[Opening EXERCISE INPUTS section]

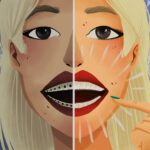 invisalign clear aligners vs traditional braces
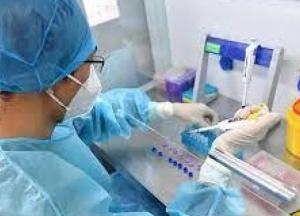 В Украине 417 новых случаев коронавируса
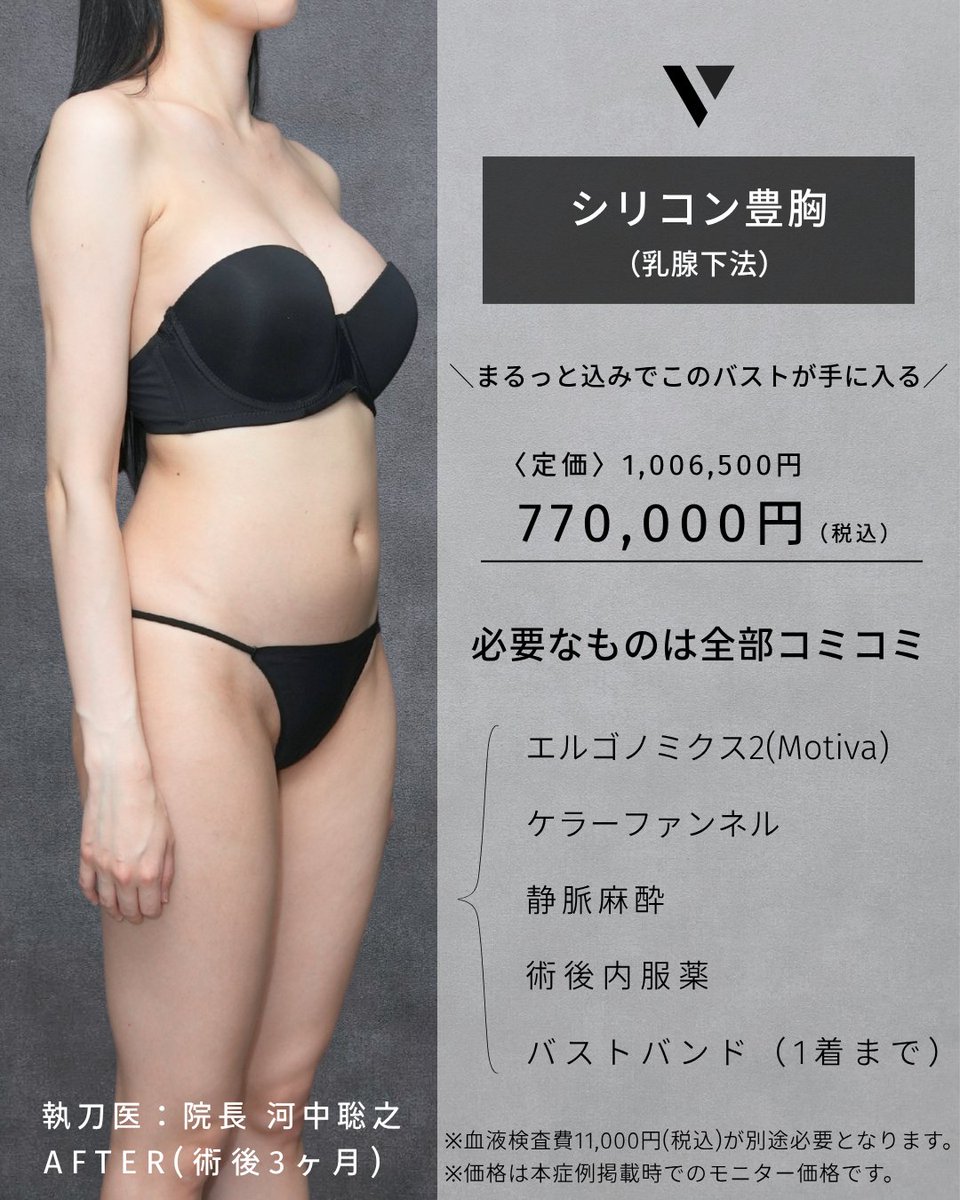 vertraclinic's tweet photo. 《 施術内容 》
シリコン豊胸(乳腺下法)

《 執刀医 》
大阪院院長 河中 聡之(@Dr_kawanaka)

《 詳細 》
女性/20代/157cm/41kg
シリコンバッグ：motiva エルゴノミクス2
シリコンサイズ：MINI 235cc
挿入部位：脇下 https://t.co/hjejsAqCSs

[Closing EXERCISE INPUTS section]

• _GOAL OF THE EXERCISE_: Repeat every record above exactly, but leave out any pictures.

• _TASK ANSWER_:
 invisalign clear aligners vs traditional braces
 В Украине 417 новых случаев коронавируса
 vertraclinic's tweet photo. 《 施術内容 》
シリコン豊胸(乳腺下法)

《 執刀医 》
大阪院院長 河中 聡之(@Dr_kawanaka)

《 詳細 》
女性/20代/157cm/41kg
シリコンバッグ：motiva エルゴノミクス2
シリコンサイズ：MINI 235cc
挿入部位：脇下 https://t.co/hjejsAqCSs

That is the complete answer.